Skip to content
Prometheus Metrics

Prometheus Metrics

Sortie exposes a /metrics endpoint in Prometheus text exposition format on the same port as the JSON API and HTML dashboard. The HTTP server starts by default on port 7678. See CLI reference for port and host configuration.

Note

When the HTTP server is disabled (--port 0), the orchestrator uses a no-op metrics implementation. Metrics are not collected internally - they are discarded, not buffered.

Gauges

Point-in-time values. Sortie updates these after every state mutation - dispatch, worker exit, retry, reconciliation.

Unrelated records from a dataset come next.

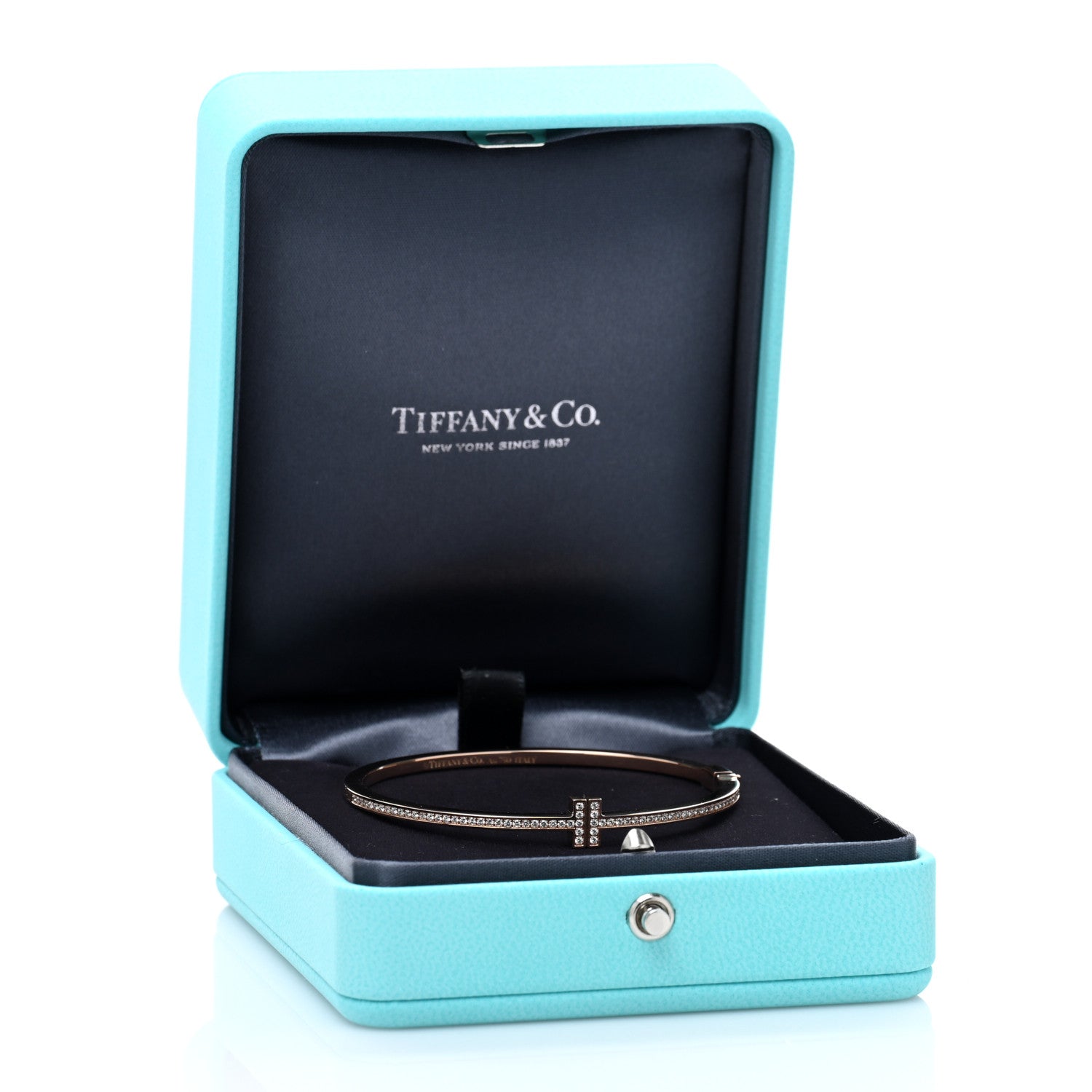 Tiffany 18K Rose Gold Diamond T Hinged Wire Bangle Bracelet 4 of 4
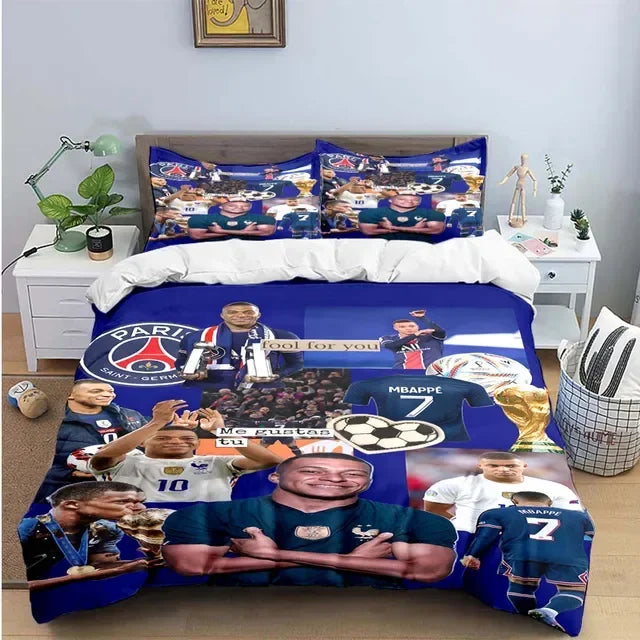 Fashion Football M-Mbappe Digital Printing Bedding Set Duvet Cover Comforter Bed  Youth Kids Girl Boys Birthday Gift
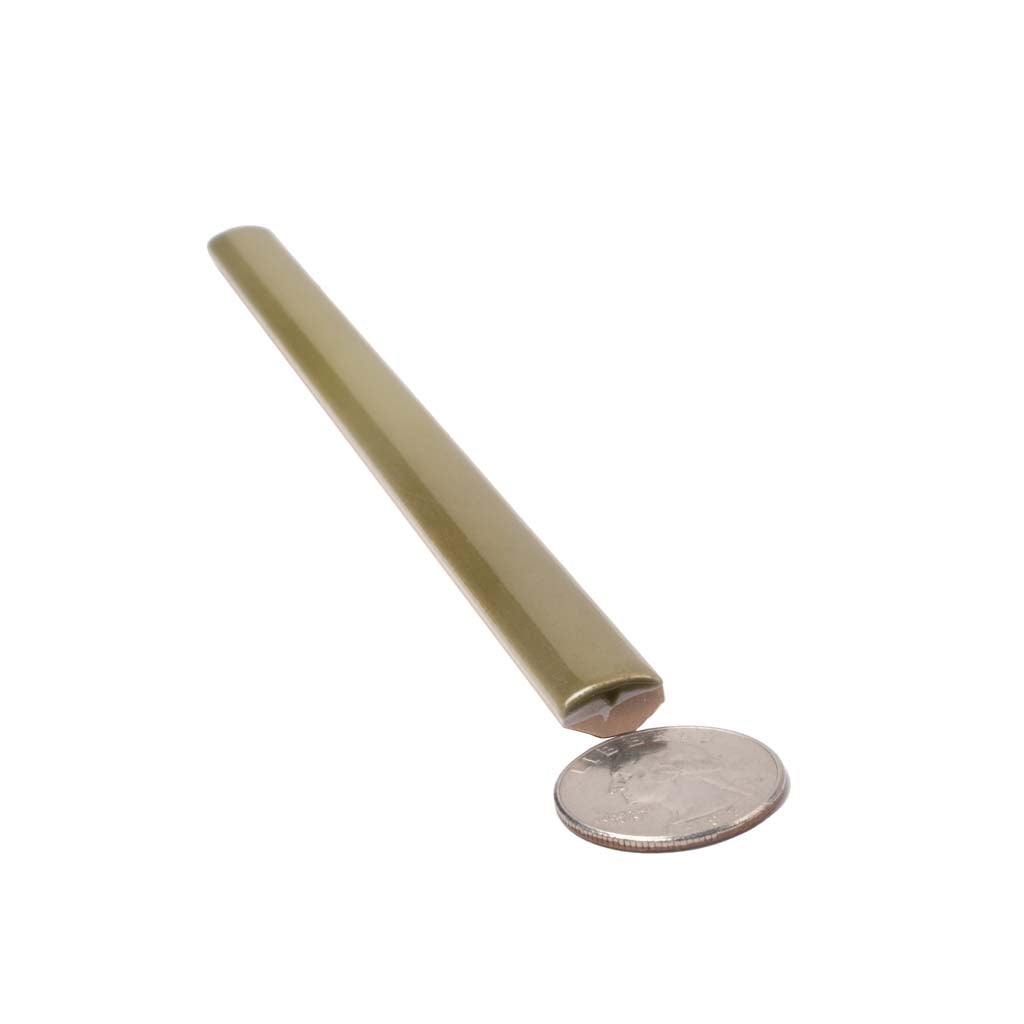 Olive Green 0.5x8 Glossy Ceramic Pencil Tile Trim (10 pack, 0.3 sq ft/case)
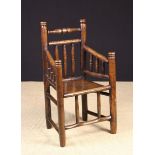 A Rare 18th Century Turned Ash & Oak Armchair.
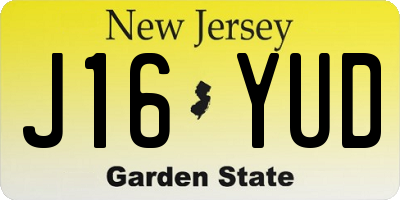NJ license plate J16YUD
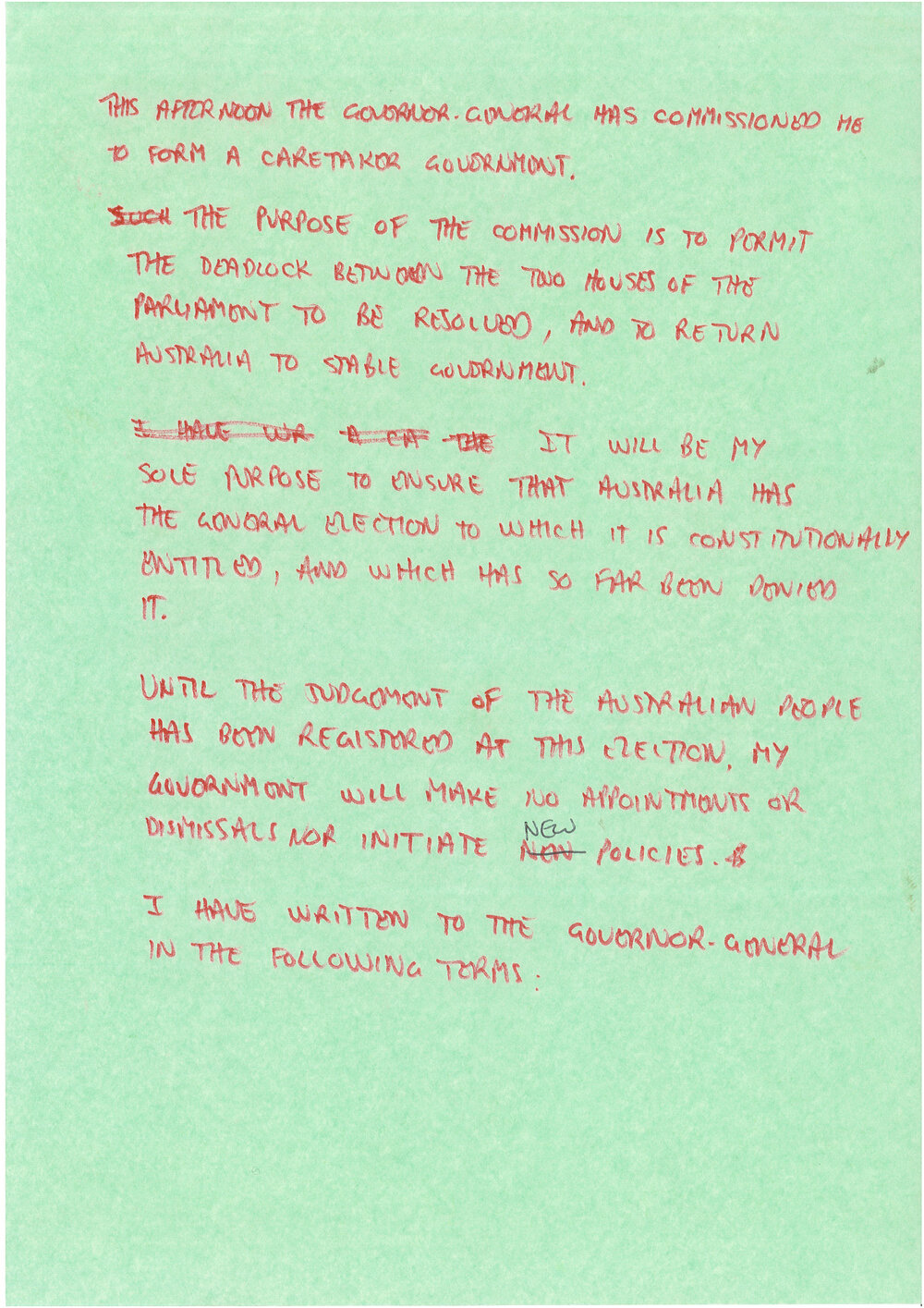Handwritten notes of speech by Malcolm Fraser to House 11 November 1975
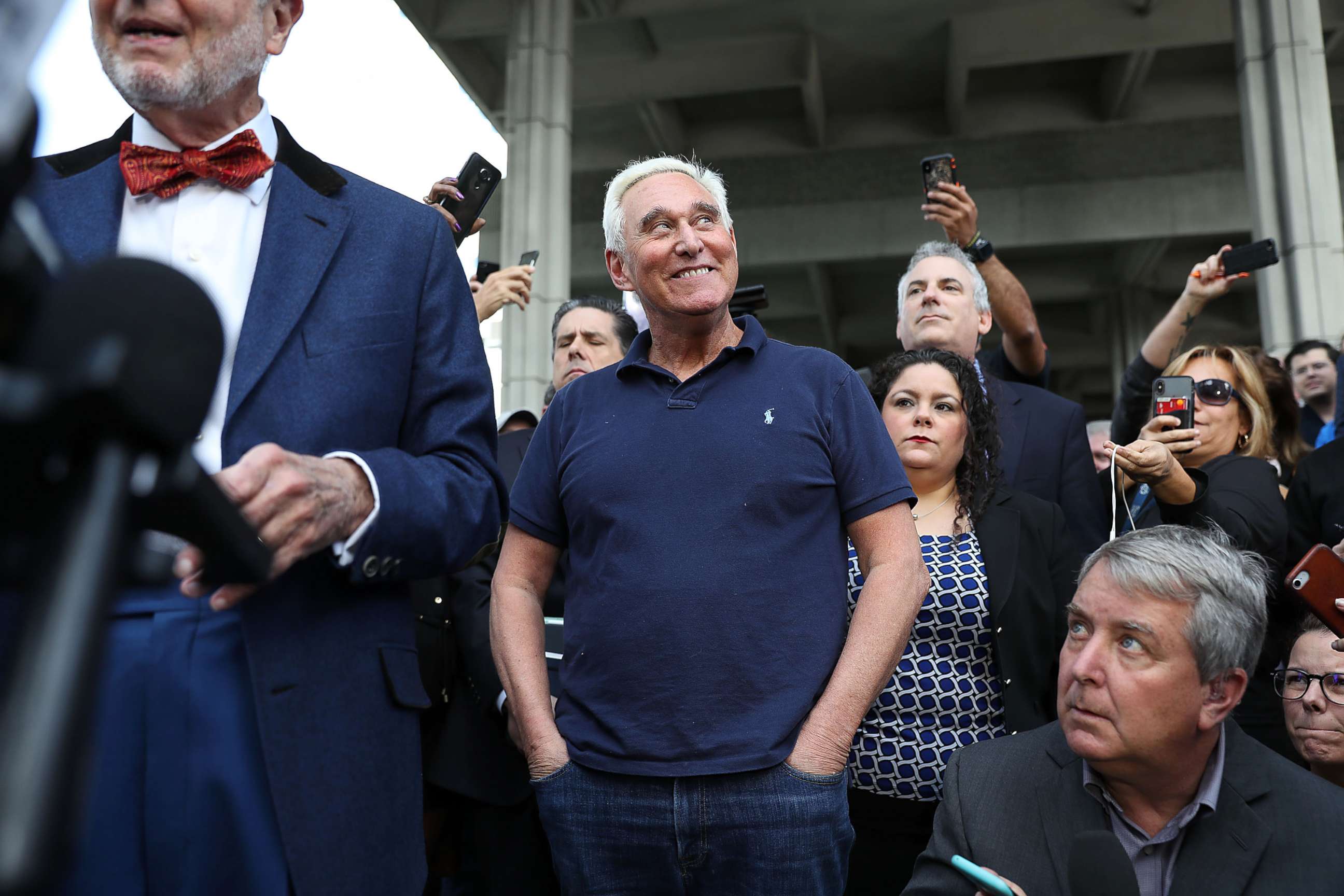 PHOTO: Roger Stone, a former advisor to President Donald Trump, waits to speak to the media after exiting the Federal Courthouse, Jan. 25, 2019 in Fort Lauderdale, Fla.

NameLabelsDescriptionProducing layer
sortie_sessions_running-Currently running agent sessions.Coordination
sortie_sessions_retrying-Issues awaiting retry. Includes error retries, continuation retries, and stall retries sitting in the timer queue.Coordination
sortie_slots_available-Remaining dispatch slots: max_concurrent_agents - running - claimed. Reaches 0 when the orchestrator is at capacity.Coordination
sortie_active_sessions_elapsed_seconds-Sum of wall-clock elapsed seconds across all running sessions. Recomputed from each session’s started_at timestamp on every poll cycle. Use this to detect active work even when no sessions have recently completed (the runtime counter only increments on session end).Coordination
sortie_ssh_host_usagehostActive workers on a given SSH host. Only populated when extensions.worker.ssh_hosts is configured.Coordination

The host label on sortie_ssh_host_usage matches the values in your ssh_hosts list exactly (e.g., host="build01.internal").

Counters

Monotonically increasing. Apply rate() or increase() to extract per-second or per-interval throughput.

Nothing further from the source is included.